- ACTION ITEM: All of the lines below need to be copied exactly, apart from the pictures.
:: RECORD EXTRACTS ::
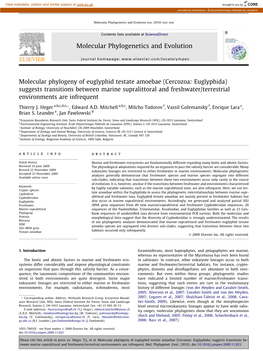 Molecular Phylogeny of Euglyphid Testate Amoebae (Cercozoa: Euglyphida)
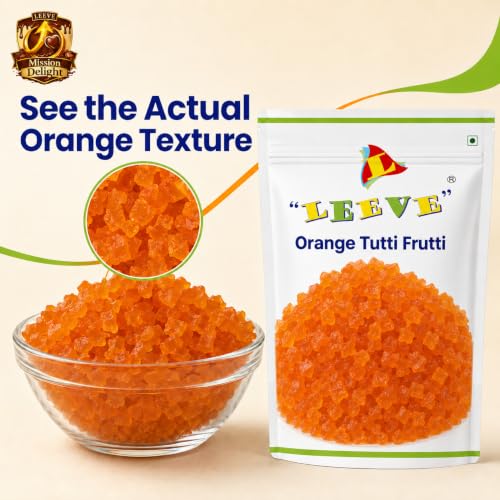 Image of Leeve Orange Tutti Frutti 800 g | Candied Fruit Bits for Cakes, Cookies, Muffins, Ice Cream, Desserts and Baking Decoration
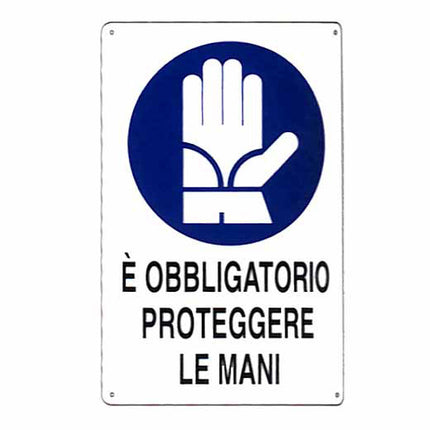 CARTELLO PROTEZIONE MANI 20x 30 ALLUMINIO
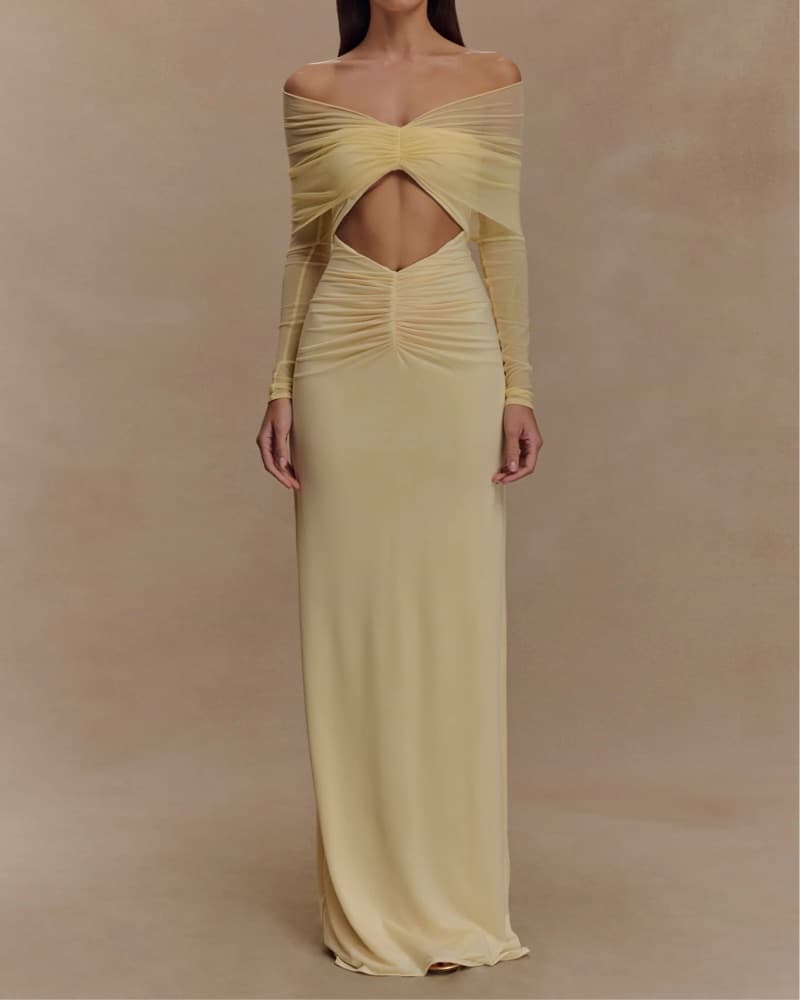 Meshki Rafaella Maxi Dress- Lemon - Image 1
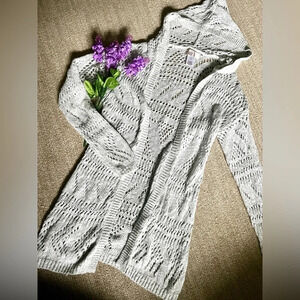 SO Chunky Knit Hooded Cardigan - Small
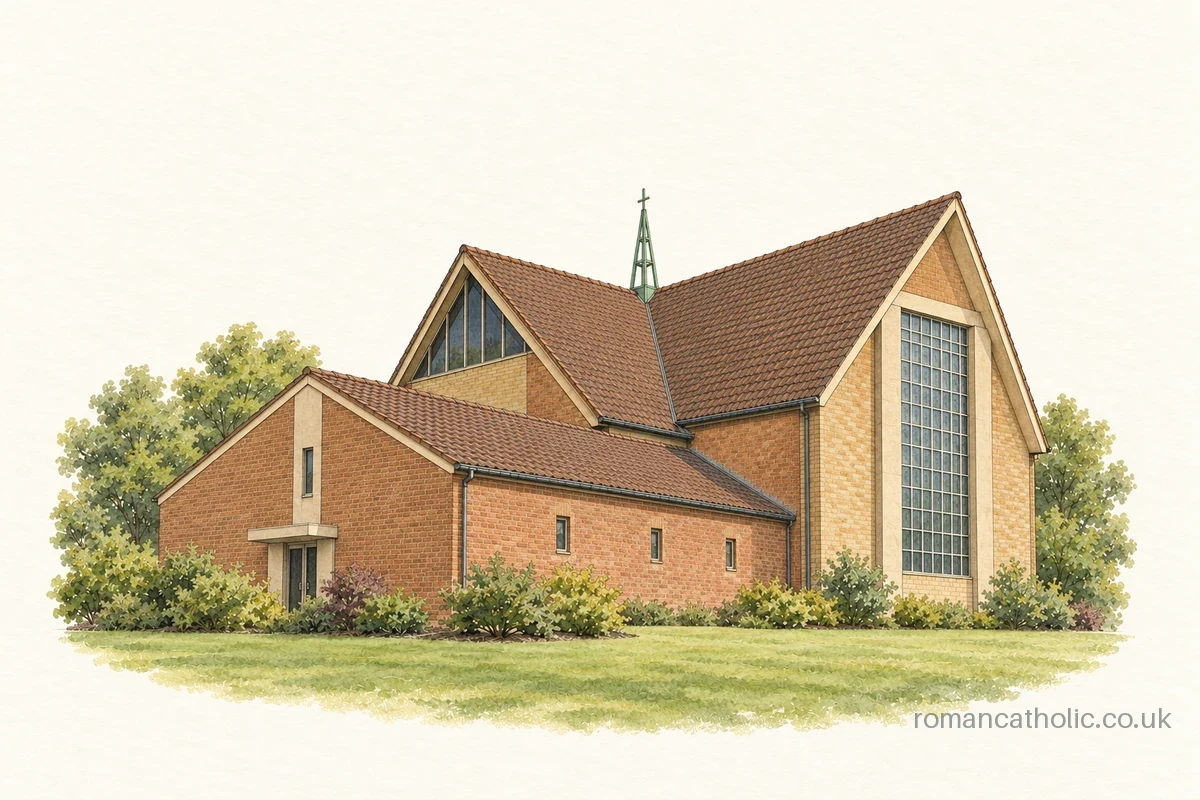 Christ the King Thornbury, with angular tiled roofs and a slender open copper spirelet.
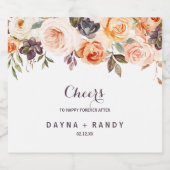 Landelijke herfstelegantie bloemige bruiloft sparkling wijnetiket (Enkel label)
:::
- RESPONSE AREA:
 Molecular Phylogeny of Euglyphid Testate Amoebae (Cercozoa: Euglyphida)
 Image of Leeve Orange Tutti Frutti 800 g | Candied Fruit Bits for Cakes, Cookies, Muffins, Ice Cream, Desserts and Baking Decoration
 CARTELLO PROTEZIONE MANI 20x 30 ALLUMINIO
 Meshki Rafaella Maxi Dress- Lemon - Image 1
 SO Chunky Knit Hooded Cardigan - Small
 Christ the King Thornbury, with angular tiled roofs and a slender open copper spirelet.
 Landelijke herfstelegantie bloemige bruiloft sparkling wijnetiket (Enkel label)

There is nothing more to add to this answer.